Whether you have a home office and you’re looking to reduce the piles of paperwork littering your desk or you have a plastic tub of slowly deteriorating old photos sitting on the top shelf of your bedroom closet, a high-quality scanner can help reduce the overwhelming clutter in your life. But not all models can accomplish the same tasks.

To find the best scanner for you, you must first decide what your needs are. If you need to scan a high volume of documents, for instance, you may benefit the most from our top pick, the Epson Workforce ES-500W II, which is a wireless, color, duplex scanner that can scan up to 35 pages per minute.

Keep reading our buying guide to learn more about this model and the type of features you can expect to find in other top-quality scanners.

WHAT TO KNOW BEFORE YOU BUY A SCANNER

Type

There are four basic types of scanners to choose from: portable, sheet-fed, flatbed, and overhead.

Portable

This type of scanner is a long, thin wand-like device that is great for on-the-go situations. But while this model may be adequate for occasional use, it is not the best solution for typical scanning needs.

Sheet-fed

A sheet-fed scanner resembles a printer. To operate it, you place the sheet to be scanned in the feeder and let the machine do its work. A sheet-fed scanner is best for high-volume work because most can hold at least 50 documents at a time.

Flatbed

A flatbed scanner looks like a photocopier. It has a large glass surface where the document is placed. While this option tends to offer the highest quality, it also tends to scan more slowly and is not the best choice for large jobs.

Overhead

An overhead scanner is a niche item that is basically a flatbed scanner turned upside down. It is often used to scan books, though other items may be scanned with it as well. To operate, the user places an open book beneath the scanner and it basically takes a snapshot of both pages. Unless you have a need for this specific type of scanning, many users find these models needlessly awkward to store and use.

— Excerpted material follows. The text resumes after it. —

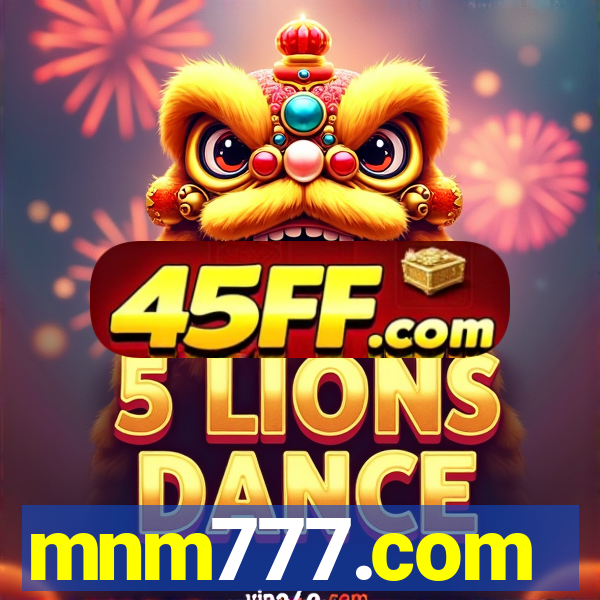 mnm777.com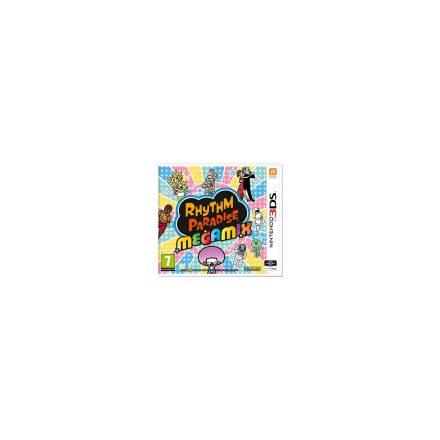 Rhythm Paradise Megamix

WHAT TO LOOK FOR IN A QUALITY SCANNER

While high resolution should be at the top of your list for features, most scanners have more than adequate resolution for common home office needs. Three other features you might want to look into, however, are wireless capabilities, duplexing, and OCR.

Wireless capabilities

There’s nothing wrong with a scanner that connects to a computer via a USB cord. However, if you want to skip a few steps and send your scan directly to a device or be able to scan to multiple computers, you’re going to want a WiFi-enabled model.

Duplexing

If you have a lot of documents that need to be scanned on both sides, you are going to want a duplex scanner. This can cut the time it takes to complete your task in half, depending on the job. If you do not need it, however, purchasing a model without duplex scanning can save you money.

OCR

OCR stands for optical character recognition. If your scanner is equipped with OCR software, you can scan a page as an editable text file. By comparison, if you do not have this feature, a scanner simply captures an image. Like duplexing, not everyone needs this feature, but if you do, it is invaluable.

HOW MUCH YOU CAN EXPECT TO SPEND ON A SCANNER

For $50 to $100, you can find budget model scanners that may be either handheld or flatbed models. The bottom price for a sheet-fed scanner is around $150. For the average home office, you should be able to find a quality scanner in the $150-$250 range. Once you move into $300 and above, you’ll be looking at a heavy-duty scanner that is capable of handling a higher workload.

SCANNERS FAQ

Q. Why does my scanner have such poor quality?

A. While it is possible that you purchased a bargain brand model that just doesn’t produce decent scans, with today’s technology, the answer is more likely user error. Scanners have a wide range of settings, and it is very possible to have yours set at a lower resolution or to the wrong type of document. If you are getting poor results, before returning your scanner, reference your user’s manual to make sure your settings are where they need to be for optimum scanning quality.

Q. Can a scanner help me go green?

A. Definitely. Since the average office worker may require up to a tree’s worth of paper each year, using a scanner instead of a printer can save a lot of trees.

WHAT SCANNERS ARE BEST TO BUY?

Top scanner

Epson WorkForce ES-500W II Wireless Color Duplex Document Scanner

Epson Workforce ES-500W II Wireless Color Duplex Desktop Document Scanner

Our take: A versatile wireless scanner that is compatible with Mac, PC, and a wide variety of mobile devices.

What we like: The duplex scanning allows you to capture both sides of a page in a single pass. The unit has a 50-page document feeder. Scans can be directly sent to popular storage services such as Dropbox, Evernote, and Google Drive.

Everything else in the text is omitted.